- _Task requirements_: Once the line with "Clean 500 Bagless Vacuum Cleaner" has been located in the records below, set down that line and all subsequent lines exactly, omitting the pictures.
Exercise data Start Marker
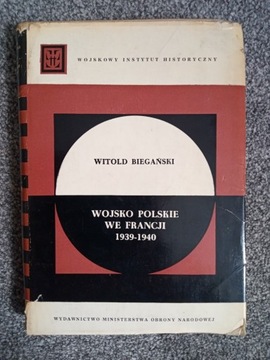 Wojsko Polskie we Francji 1939-1940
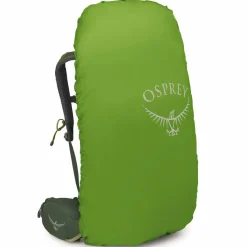 Osprey Wanderrucksäcke<Kestrel 48 Wanderrucksack L-XL 79 cm bonsai green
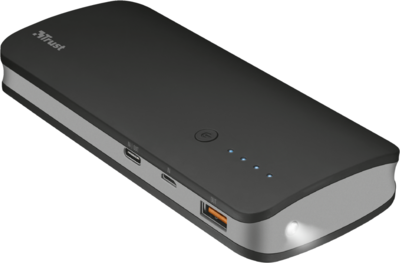 Trust - Urban Omni Ultra Fast 10000mAh power bank - 21858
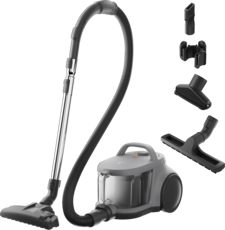 Clean 500 Bagless Vacuum Cleaner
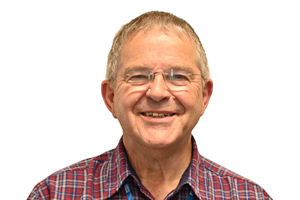 Steven Francis's Photo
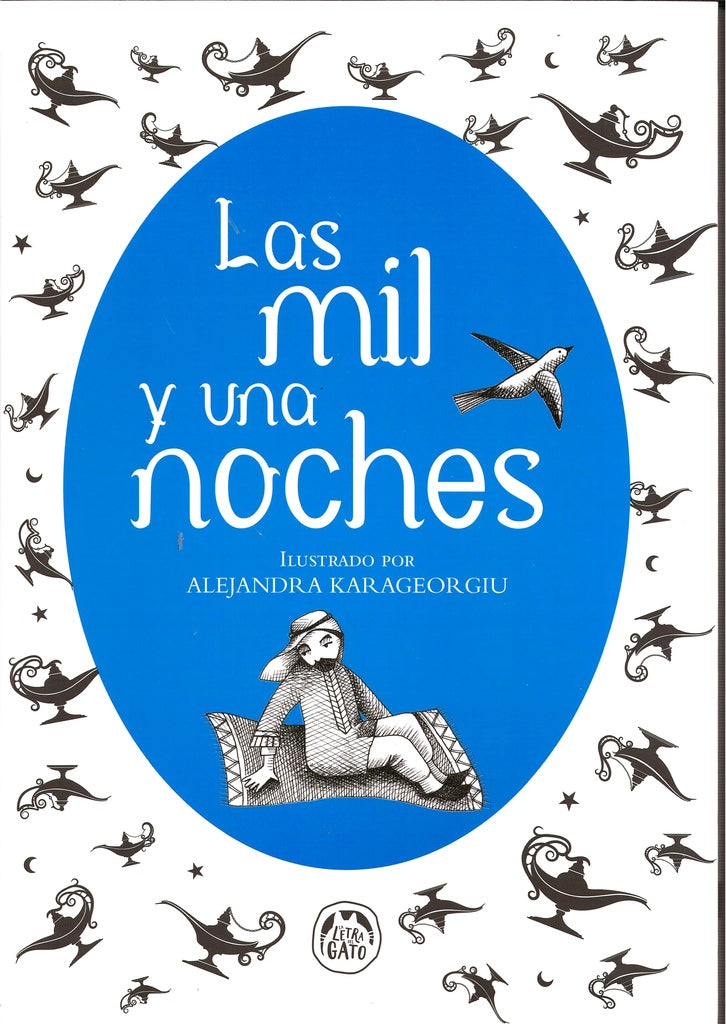 Las mil y una noche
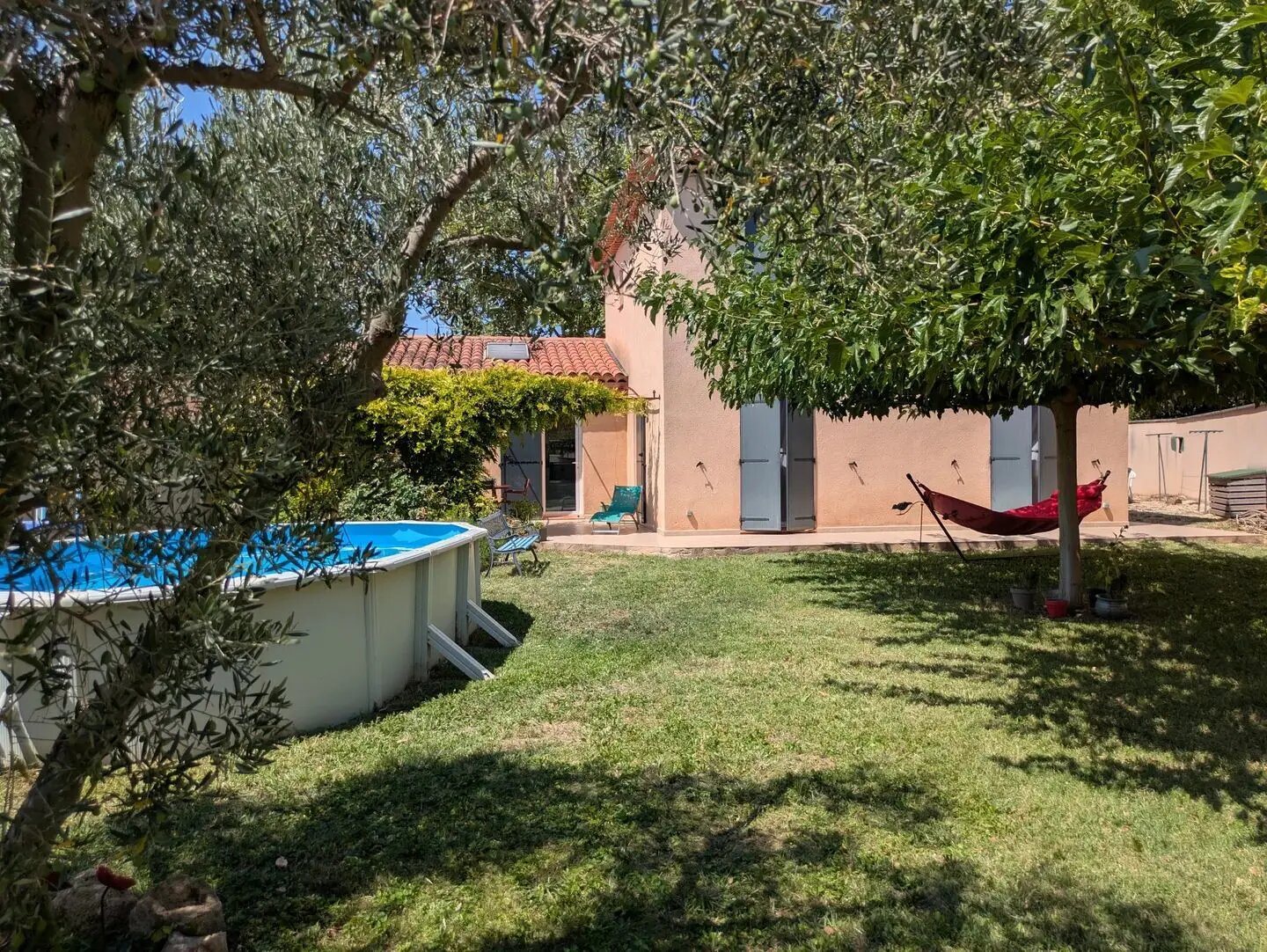 Maison à vendre, 132m², Pélissanne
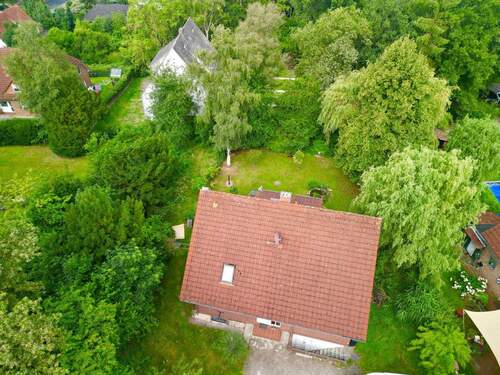 Luftbild - overfly - 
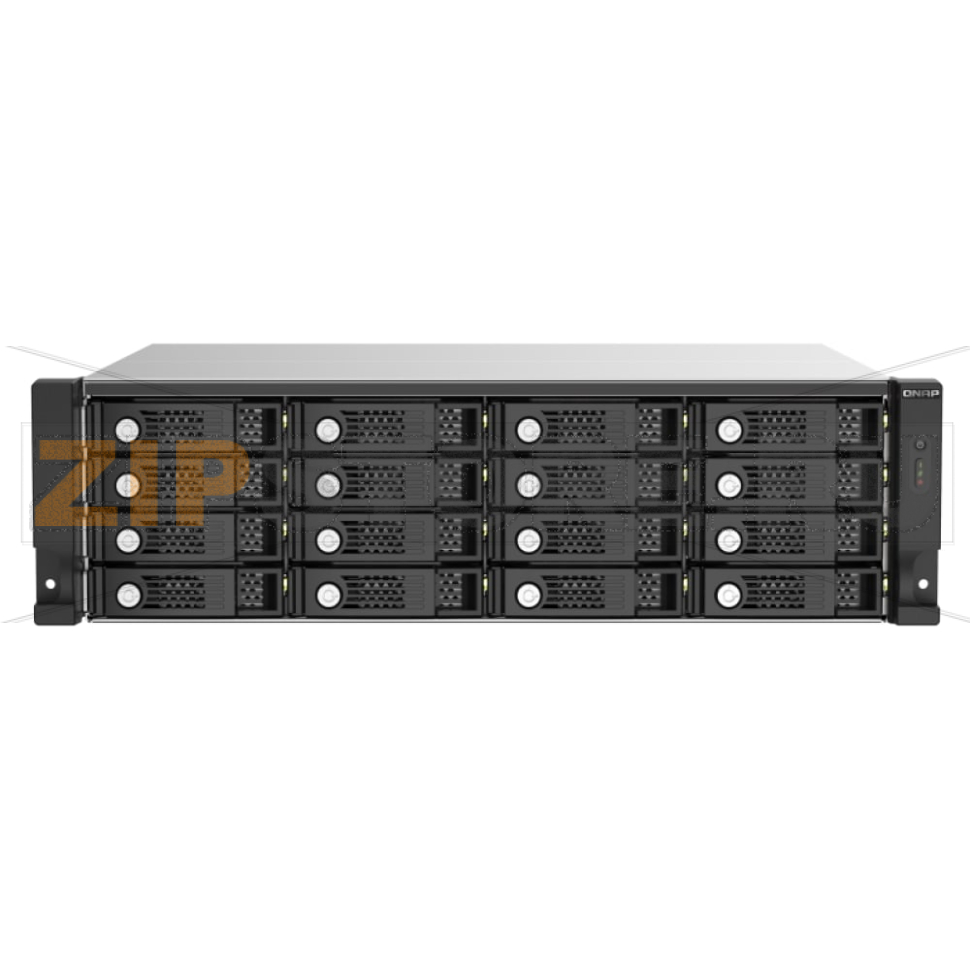 Модуль расширения SAS QNAP TL-R1620SEP-RP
Exercise data End Marker
- _Answer box_:
 Clean 500 Bagless Vacuum Cleaner
 Steven Francis's Photo
 Las mil y una noche
 Maison à vendre, 132m², Pélissanne
 Luftbild - overfly - 
 Модуль расширения SAS QNAP TL-R1620SEP-RP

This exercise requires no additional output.